Thursday, November 8, 2018

How to prevent tensorflow from monopolizing your system

Here we are, running a code block in Jupyter, my GPU RAM is just taken entirely for the sake of it, my 8GB RAM is being filled up completely, and swap starts increasing and the whole system slows down until the notebook is killed or in the worst case the system freezes completely.

It is always a good idea to constraint resources when running this kind of processes.

Concerning RAM, I am using the tensorflow-gpu docker image, so this is pretty easy to achieve:

docker run --runtime=nvidia -it -p 8888:8888 --memory="6g" --memory-swap="6g" tensorflow/tensorflow:1.5.0-gpu

The memory parameters sets the RAM limit while memory-swap sets the RAM+SWAP memory limit. By setting them to the same amount we can make sure no swap is used and the system will not be slowed down at wish.

As for GPU RAM, this is also pretty easily achievable, but from code.
When using Keras this can be done with:

import tensorflow as tf
from keras.backend.tensorflow_backend import set_session
config = tf.ConfigProto()
# use only half of available GPU RAM
config.gpu_options.per_process_gpu_memory_fraction = 0.5
set_session(tf.Session(config=config))

This, for instance, sets the max GPU memory to 50% of its limit.
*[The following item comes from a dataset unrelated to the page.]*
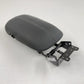 24-26 Ford Mustang Center Console Armrest Arm Rest Cover Lid White Stitching OEM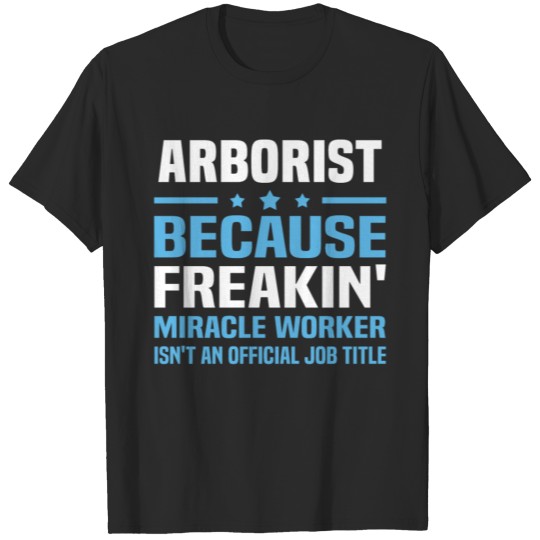 Discover Arborist T-shirt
I suggest continuously monitoring CPU and GPU respectively using htop and nvtop:



However, we should also start wondering why this kind of situations happen, i.e. why do we need so much memory to do our data preparation. The answer is soon served. Instead of using "fit" and a numpy array, it is time to use Python generators to only load batch_size batches rather than preprocessing on the whole dataset directly in our RAM and use fit_generator. Surely this will nonetheless have the effect of increasing our disk I/O. Using efficient data structures such as HDF5 is therefore our duty.

In this Python notebook, I report an example of denoising autoencoder for time series data. Thereby, I use both the classic fit and the fit_generator interfaces, and show how to return batch_size windows entries for the latter, to minimize the amount of preprocessed data held in memory.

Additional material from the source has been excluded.